Snapshot and restore: You can store snapshots of individual indexes or an entire cluster in a remote repository like a shared file system, such as Amazon Simple Storage Service (Amazon S3) or HDFS. The snapshots can be used to restore data. However, the data can be restored only to Elasticsearch clusters of specific versions:
Data in a snapshot created in an Elasticsearch 5.x cluster can be restored to an Elasticsearch 6.x cluster.
Data in a snapshot created in an Elasticsearch 2.x cluster can be restored to an Elasticsearch 5.x cluster.
Data in a snapshot created in an Elasticsearch 1.x cluster can be restored to an Elasticsearch 2.x cluster.
Migration plan
To migrate data from an Amazon OpenSearch Service domain to an Alibaba Cloud Elasticsearch cluster, perform the following steps:
Create a baseline index.
Create a snapshot repository and associate it with an Amazon S3 bucket.
Create the first snapshot for the index whose data you want to migrate. The first snapshot is a full snapshot.
This snapshot is automatically stored in the S3 bucket.
Create an Alibaba Cloud Object Storage Service (OSS) bucket, and register it with the Alibaba Cloud Elasticsearch cluster as a snapshot repository.
Use ossimport to transfer the full snapshot from the S3 bucket to the OSS bucket.
Restore data from the full snapshot to the Alibaba Cloud Elasticsearch cluster.
Process incremental snapshots on a regular basis.
Repeat the preceding steps to restore data from incremental snapshots.
Identify the final snapshot and perform a service switchover.
Stop services that may modify index data.
Create the final snapshot for the Amazon OpenSearch Service domain.
Transfer the final snapshot to the OSS bucket. Then, restore data from the snapshot to the Alibaba Cloud Elasticsearch cluster.
Perform a service switchover to the cluster and view the migrated data in the cluster.
Prerequisites
The following operations are performed:
Create an Amazon OpenSearch Service domain of Elasticsearch 5.5.2 in the Singapore region.
For more information, see Create an Amazon OpenSearch Service domain.
Create an Alibaba Cloud Elasticsearch V5.5.3 cluster in the China (Hangzhou) region.
For more information, see Create an Alibaba Cloud Elasticsearch cluster.
Create an OSS bucket.
In this example, an OSS bucket is created in the China (Hangzhou) region.
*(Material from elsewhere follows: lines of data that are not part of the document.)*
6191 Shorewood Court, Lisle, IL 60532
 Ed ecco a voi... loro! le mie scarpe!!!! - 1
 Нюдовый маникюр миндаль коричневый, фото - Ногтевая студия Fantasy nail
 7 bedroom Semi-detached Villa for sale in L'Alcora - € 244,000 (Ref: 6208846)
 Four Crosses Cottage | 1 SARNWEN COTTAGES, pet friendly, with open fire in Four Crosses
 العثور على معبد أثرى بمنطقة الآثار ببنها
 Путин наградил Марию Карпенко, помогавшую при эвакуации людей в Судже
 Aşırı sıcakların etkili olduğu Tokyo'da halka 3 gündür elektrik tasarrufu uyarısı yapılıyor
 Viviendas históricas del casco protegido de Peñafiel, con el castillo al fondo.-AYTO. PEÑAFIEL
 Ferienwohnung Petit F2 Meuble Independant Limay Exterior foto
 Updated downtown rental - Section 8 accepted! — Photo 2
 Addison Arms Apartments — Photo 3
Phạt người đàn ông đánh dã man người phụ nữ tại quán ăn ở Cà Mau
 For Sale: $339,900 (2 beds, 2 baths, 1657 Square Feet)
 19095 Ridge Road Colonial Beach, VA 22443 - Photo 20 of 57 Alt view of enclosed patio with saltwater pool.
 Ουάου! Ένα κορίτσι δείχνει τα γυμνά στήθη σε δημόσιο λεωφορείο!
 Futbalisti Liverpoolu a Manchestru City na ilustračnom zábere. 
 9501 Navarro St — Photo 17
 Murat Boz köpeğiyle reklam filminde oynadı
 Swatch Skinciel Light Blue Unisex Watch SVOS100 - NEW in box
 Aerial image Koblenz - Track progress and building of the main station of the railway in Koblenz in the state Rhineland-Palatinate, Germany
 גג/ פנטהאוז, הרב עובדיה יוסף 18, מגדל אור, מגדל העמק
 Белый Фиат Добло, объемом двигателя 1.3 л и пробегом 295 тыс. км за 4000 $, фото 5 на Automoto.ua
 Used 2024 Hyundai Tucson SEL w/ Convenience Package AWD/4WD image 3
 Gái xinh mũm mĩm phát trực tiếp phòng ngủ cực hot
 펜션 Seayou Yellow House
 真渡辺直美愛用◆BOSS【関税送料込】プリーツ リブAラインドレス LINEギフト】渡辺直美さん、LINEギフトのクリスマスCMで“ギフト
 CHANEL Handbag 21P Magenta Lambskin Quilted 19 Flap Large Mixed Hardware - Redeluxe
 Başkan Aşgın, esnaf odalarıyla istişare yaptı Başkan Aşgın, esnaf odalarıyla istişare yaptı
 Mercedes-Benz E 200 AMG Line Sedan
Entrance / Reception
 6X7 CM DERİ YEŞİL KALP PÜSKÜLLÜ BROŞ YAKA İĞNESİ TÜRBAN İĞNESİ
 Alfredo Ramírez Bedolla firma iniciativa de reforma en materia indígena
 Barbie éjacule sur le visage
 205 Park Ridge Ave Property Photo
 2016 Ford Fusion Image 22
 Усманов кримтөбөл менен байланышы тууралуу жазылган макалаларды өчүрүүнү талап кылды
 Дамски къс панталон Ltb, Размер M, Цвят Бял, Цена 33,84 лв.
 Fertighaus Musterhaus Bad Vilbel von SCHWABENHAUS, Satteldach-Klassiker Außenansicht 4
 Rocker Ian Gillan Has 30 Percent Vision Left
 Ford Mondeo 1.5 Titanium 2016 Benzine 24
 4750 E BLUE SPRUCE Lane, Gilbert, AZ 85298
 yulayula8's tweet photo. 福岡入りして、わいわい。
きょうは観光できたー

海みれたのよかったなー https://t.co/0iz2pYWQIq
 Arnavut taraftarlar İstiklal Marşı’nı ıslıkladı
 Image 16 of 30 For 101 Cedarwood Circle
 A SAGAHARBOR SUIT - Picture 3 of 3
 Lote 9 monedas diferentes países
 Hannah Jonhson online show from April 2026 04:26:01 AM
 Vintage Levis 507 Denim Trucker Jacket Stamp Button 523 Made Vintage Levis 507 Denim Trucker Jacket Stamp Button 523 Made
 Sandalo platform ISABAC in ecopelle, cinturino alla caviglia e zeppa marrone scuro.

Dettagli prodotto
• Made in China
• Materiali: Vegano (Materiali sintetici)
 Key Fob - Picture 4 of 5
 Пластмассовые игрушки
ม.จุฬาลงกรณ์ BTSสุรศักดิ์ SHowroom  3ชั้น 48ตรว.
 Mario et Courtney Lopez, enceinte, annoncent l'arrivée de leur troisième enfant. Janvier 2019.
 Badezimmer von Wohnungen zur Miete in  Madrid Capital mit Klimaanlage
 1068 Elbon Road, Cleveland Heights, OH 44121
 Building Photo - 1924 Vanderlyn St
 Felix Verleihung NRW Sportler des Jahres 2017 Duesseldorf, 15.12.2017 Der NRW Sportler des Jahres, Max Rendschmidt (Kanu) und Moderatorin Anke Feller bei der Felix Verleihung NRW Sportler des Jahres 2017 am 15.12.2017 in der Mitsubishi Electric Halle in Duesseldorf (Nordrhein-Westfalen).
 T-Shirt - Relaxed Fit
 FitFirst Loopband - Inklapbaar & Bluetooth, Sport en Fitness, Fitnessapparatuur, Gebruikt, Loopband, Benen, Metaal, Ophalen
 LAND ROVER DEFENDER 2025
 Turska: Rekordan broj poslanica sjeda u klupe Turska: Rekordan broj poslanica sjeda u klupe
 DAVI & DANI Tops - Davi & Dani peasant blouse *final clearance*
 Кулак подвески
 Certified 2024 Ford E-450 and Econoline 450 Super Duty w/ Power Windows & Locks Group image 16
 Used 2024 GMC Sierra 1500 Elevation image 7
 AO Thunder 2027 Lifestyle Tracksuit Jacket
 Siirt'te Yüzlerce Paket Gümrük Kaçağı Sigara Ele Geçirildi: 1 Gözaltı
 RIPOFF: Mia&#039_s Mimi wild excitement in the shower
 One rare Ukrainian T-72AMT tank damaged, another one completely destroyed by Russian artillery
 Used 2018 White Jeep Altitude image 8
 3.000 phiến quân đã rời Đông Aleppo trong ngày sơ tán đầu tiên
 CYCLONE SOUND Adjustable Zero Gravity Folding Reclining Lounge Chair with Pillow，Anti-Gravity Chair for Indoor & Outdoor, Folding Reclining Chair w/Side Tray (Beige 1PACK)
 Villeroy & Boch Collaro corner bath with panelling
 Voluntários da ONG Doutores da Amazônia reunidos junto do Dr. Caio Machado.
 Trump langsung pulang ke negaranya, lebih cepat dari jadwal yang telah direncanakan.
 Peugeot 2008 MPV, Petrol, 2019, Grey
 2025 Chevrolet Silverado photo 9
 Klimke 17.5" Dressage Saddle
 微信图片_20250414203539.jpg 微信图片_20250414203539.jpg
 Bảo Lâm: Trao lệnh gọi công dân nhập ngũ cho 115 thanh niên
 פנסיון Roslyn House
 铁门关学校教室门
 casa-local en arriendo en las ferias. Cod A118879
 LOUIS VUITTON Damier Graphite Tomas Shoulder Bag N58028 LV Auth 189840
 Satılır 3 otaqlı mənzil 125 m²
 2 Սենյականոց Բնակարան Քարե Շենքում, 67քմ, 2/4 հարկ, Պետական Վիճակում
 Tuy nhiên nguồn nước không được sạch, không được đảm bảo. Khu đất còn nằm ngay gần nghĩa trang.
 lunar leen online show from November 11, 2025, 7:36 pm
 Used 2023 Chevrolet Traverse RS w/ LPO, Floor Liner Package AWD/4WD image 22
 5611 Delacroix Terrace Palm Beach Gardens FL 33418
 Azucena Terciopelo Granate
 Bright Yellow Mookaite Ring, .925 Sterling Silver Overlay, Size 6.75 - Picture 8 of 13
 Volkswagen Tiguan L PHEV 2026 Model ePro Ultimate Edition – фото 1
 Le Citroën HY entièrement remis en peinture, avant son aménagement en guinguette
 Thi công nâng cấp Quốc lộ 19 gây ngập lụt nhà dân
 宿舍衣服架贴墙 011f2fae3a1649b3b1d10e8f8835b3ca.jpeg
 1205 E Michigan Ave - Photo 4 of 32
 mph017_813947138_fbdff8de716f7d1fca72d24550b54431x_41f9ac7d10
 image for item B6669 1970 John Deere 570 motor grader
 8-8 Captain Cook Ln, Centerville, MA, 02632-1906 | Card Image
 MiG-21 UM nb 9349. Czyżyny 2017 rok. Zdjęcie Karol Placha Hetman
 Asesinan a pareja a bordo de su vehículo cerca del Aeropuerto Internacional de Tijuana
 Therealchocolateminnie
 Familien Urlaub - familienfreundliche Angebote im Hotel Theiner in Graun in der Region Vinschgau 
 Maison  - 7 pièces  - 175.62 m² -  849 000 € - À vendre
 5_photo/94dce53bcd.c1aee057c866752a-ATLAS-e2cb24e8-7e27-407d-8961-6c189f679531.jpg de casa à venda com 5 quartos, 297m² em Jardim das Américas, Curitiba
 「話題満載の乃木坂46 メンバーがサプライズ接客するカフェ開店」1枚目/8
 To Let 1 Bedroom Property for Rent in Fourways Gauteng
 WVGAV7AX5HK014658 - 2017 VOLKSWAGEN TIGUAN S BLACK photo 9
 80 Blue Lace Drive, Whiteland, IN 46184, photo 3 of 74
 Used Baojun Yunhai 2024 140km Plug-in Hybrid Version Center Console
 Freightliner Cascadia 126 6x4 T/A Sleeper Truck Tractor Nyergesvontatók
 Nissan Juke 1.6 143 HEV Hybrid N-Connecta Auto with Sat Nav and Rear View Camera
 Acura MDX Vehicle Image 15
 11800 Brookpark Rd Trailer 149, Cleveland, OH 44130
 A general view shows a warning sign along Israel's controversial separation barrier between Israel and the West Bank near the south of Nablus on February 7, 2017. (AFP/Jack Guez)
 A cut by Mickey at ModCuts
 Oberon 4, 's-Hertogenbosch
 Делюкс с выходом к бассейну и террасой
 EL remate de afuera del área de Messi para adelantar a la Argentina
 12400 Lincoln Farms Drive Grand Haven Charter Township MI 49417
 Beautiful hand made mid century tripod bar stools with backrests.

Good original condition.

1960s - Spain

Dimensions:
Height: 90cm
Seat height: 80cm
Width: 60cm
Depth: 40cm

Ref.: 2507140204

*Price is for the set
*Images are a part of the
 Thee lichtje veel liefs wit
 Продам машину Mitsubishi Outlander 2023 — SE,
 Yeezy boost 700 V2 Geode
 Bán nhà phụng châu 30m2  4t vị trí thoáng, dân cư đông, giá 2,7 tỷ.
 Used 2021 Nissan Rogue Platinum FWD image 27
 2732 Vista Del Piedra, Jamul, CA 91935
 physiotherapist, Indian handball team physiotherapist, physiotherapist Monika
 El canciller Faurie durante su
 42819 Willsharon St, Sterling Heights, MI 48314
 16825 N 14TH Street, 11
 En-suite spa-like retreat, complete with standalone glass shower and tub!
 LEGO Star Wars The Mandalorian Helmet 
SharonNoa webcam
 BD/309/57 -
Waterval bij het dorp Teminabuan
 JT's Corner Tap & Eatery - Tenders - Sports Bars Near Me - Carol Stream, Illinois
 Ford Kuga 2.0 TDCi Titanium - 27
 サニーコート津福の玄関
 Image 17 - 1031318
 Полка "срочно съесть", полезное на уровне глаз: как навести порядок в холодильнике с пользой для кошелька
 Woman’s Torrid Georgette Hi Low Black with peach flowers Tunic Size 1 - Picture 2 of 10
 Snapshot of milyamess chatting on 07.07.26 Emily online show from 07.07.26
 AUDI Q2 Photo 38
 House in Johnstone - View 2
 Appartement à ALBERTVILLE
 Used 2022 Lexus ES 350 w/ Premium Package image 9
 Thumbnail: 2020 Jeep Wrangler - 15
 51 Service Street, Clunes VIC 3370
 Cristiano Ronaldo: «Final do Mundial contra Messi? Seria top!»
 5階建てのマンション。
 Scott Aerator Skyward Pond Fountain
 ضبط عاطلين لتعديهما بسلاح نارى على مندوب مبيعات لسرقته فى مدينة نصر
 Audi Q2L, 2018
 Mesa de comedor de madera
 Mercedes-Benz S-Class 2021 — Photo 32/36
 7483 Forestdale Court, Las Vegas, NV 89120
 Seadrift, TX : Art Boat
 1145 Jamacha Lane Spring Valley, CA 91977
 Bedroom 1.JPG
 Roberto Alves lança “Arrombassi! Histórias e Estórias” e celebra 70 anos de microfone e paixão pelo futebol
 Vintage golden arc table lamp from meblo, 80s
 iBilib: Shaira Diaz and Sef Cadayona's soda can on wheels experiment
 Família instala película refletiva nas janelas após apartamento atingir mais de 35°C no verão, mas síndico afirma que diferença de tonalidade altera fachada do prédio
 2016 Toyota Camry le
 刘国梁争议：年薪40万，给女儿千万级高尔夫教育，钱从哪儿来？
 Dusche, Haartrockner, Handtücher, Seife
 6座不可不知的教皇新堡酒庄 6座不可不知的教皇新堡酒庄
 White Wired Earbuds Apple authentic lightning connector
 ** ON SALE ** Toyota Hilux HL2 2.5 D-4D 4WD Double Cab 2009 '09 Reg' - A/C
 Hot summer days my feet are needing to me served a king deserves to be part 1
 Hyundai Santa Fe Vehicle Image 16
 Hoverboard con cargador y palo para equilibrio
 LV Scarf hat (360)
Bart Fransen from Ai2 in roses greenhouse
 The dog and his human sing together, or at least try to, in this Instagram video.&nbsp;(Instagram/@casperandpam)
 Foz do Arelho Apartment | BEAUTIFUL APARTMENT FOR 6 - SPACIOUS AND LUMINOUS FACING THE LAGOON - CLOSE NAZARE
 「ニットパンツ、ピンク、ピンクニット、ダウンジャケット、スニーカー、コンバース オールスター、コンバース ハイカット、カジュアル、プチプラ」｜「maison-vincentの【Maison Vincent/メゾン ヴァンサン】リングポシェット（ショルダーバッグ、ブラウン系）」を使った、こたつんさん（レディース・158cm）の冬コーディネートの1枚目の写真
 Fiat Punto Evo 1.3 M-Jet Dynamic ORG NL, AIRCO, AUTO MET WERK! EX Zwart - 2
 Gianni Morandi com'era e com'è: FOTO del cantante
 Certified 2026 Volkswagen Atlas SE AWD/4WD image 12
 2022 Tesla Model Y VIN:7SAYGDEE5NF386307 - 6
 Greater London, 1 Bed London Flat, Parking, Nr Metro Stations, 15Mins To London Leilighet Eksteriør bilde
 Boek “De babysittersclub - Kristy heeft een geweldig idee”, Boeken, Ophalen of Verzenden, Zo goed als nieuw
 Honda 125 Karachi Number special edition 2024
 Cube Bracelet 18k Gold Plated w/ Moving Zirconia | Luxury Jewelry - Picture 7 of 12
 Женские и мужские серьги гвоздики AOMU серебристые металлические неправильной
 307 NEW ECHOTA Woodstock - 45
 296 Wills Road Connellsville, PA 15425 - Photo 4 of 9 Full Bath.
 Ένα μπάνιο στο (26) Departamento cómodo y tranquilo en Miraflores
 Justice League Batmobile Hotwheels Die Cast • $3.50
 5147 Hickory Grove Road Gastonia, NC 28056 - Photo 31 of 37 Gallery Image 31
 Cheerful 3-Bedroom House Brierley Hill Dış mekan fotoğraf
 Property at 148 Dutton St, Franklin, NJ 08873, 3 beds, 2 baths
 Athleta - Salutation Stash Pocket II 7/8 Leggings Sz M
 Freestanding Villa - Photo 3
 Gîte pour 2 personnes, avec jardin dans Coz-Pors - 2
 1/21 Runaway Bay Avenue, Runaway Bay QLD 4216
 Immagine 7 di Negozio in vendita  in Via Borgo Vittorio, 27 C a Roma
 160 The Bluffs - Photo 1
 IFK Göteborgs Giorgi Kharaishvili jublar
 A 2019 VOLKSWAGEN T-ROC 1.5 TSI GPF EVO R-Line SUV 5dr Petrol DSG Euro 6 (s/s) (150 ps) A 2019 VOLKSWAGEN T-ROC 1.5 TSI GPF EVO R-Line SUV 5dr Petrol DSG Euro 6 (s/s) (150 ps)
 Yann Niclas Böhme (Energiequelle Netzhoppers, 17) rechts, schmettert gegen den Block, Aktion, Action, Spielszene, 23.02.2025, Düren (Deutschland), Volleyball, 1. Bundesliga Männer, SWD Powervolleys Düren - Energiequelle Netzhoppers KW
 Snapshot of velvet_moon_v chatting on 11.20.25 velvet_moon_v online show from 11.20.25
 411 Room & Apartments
The storage class of the bucket is Standard, and the access control list (ACL) of the bucket is Private. Default settings are used for other parameters. For more information, see Create buckets.
Prepare the index whose data you want to migrate. The
movies
index is used in this example.
Prerequisites for creating manual snapshots in an Amazon OpenSearch Service domain
Amazon OpenSearch Service automatically creates snapshots for the primary index shards in a domain every day and stores them in a pre-configured S3 bucket. These snapshots are retained for a maximum of 14 days free of charge. You can use these snapshots to restore data to the domain. However, you cannot use them to migrate data to other domains. To migrate data to another domain, you must use manual snapshots stored in your S3 bucket. Standard S3 charges apply to manual snapshots.
To create manual snapshots and restore data from the snapshots, you must use AWS Identity and Access Management (IAM) and S3. Before you create snapshots, perform the operations that are listed in the following table.
Operation | Description |
Create an S3 bucket | The bucket is used to store the manual snapshots of the Amazon OpenSearch Service domain. |
Create an IAM role | The role is used to grant permissions on Amazon OpenSearch Service. When you add a trust relationship for the role, you must specify Amazon OpenSearch Service in the |
Create an IAM policy | This policy specifies the actions that S3 can perform on the S3 bucket. The policy must be attached to the IAM role that is used to grant permissions on Amazon OpenSearch Service. You must specify the S3 bucket in the Resource element of the policy. |
Create an S3 bucket
You need an S3 bucket to store manual snapshots. Take note of its Amazon Resource Name (ARN). The ARN is used by the following items:
Resource element in the IAM policy that is attached to your IAM role
Python client that is used to register a snapshot repository
The following code provides the ARN of an S3 bucket:
arn:aws:s3:::eric-es-index-backups
Create an IAM role
You must have an IAM role, for which Amazon OpenSearch Service (es.amazonaws.com) is specified in the
Service
element in its trust relationship. Example:{ "Version": "2012-10-17", "Statement": [ { "Sid": "", "Effect": "Allow", "Principal": { "Service": "es.amazonaws.com" }, "Action": "sts:AssumeRole" } ] }
You can view the trust relationship details in the IAM console.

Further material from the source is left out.